January is the time when many people get the organizing bug. Once they get that out of their systems, it's time to think about freshening up the decor.
Much joy can come from seeing new colors, new patterns and new ideas for the home. There's nothing like a splash of fresh fabric or an eye-catching accent piece -- even a refurbished one -- to breathe new life into your living quarters.
And a few familiar signs of spring -- bird or butterfly motifs on pillows, perhaps -- can always do wonders to beat the winter blues.
As for some trends, this is just a preview of things to come.
For home furnishings, it's all about coming together.
Media entertainment centers were a very hot item during the holidays, said Bob Caruso, managing partner of Calvin's Furniture in Clarence.
Going along with this is growing interest in sectionals. Although sectionals never really went out, they're very popular again, Caruso said.
It's as basic as this: "People want more family time," he said. They want to get together, kick back, watch movies on their big-screen TVs -- and they can do so comfortably by creating a sectional that works for them.
Customers can pick an arm style, choose between loose- or attached-back styles, add a chaise and so on, Caruso said.
That same customization moves into the kitchen, where a table-and-chair set comes with a number of options including a selection of leg styles, finishes, etc., he said.
Other trends he noted: silver and gray (including mirrors and mirrored accent pieces; silvery textured items such as Bombay chests, and -- still popular -- nickel hardware on espresso- or chocolate furniture finishes). People also are choosing bold pairings, such as transitional pieces mixed with Tuscan-inspired ones (a sleek white sofa paired with a Tuscan-style coffee table, Caruso said).
You have to love the predictions. The word from Benjamin Moore paints: Purple reigns.
"From deep smoky wine to wildly pumped-up fuchsia, purple promises to be a predominant color in home decor in 2011," the color pros pronounced.
Shades of gray will continue to make themselves at home as well, including a subtle blue gray color called Smoke.
This from www.benjaminmoore.com: "The chameleon among colors, gray is a classic, refined neutral that works well with any color scheme. Depending on the shade, it can be cool and calming or, with a little bit of silver, energetic."
And let's not forget about honeysuckle, a dynamic reddish pink that Pantone named as its color of the year.
For home interiors, it goes like this: "Honeysuckle is upbeat and dynamic when used on large areas like the entry area of a house or an apartment. It is an appetite and conversation stimulant when used on the dining room walls. In the kitchen, it adds a fun touch on the table in place mats and other linens (patterned or solid), colored glassware, candles and small appliances," according to Pantone.
Be bold. Strong graphics and fearless florals done up in fresh colors already are out there -- especially as accents. Look for them on lamp shades, storage bins, area rugs and dinnerware -- and expect to see more in the coming months.

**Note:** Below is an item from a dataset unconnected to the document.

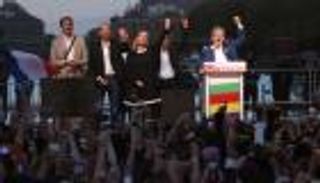 يسار فرنسا واختبار 2027.. تحالفات هشة في مواجهة يمين صاعد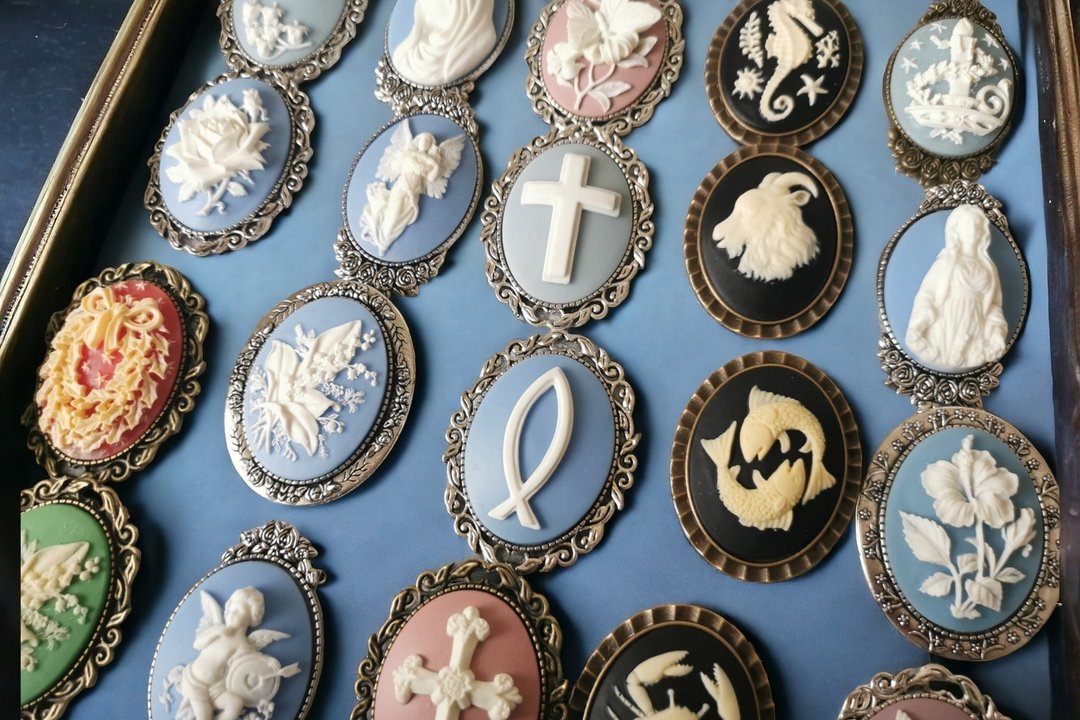 Cameo Brooch 27-43 - 胸针 - 塑料 黑色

Pier 1 is mad for roses. Pottery Barn's new pillow covers feature some mighty big butterflies. And the February issue of Martha Stewart Living shows classic damask "blown up to new proportions" on rugs, carpets and more.
Patchwork is something else to watch for.
A word on walls? "People are definitely going toward more plain wallpapers -- more earth tones and natural-looking wallpapers, such as grass cloths, and eclectic looks, such as alligator skin," said Jim Black, from the family-owned Eade's Wallpaper & Fabric in Olean (www.eadeswallpaper.com).
Going this route enables one to easily change the look of a room by adding a few new accessories or an accent piece without spending a lot of time or money.
Wallpapers known as "embossed paintables" also are popular, Black said.
"If you have a rough wall in an old house, you put on the wallpaper and let it dry and it covers all the bumps and imperfections," he said.
Once it's dry you can paint it with your own paint -- or leave it white.
These embossed paintables can mimic wainscoting (picture one in a rich color such as copper) or stucco, for example. They're popular for ceilings as well, with some resembling tin or swirly leaves.
Some ideas to consider in the new year? Perhaps.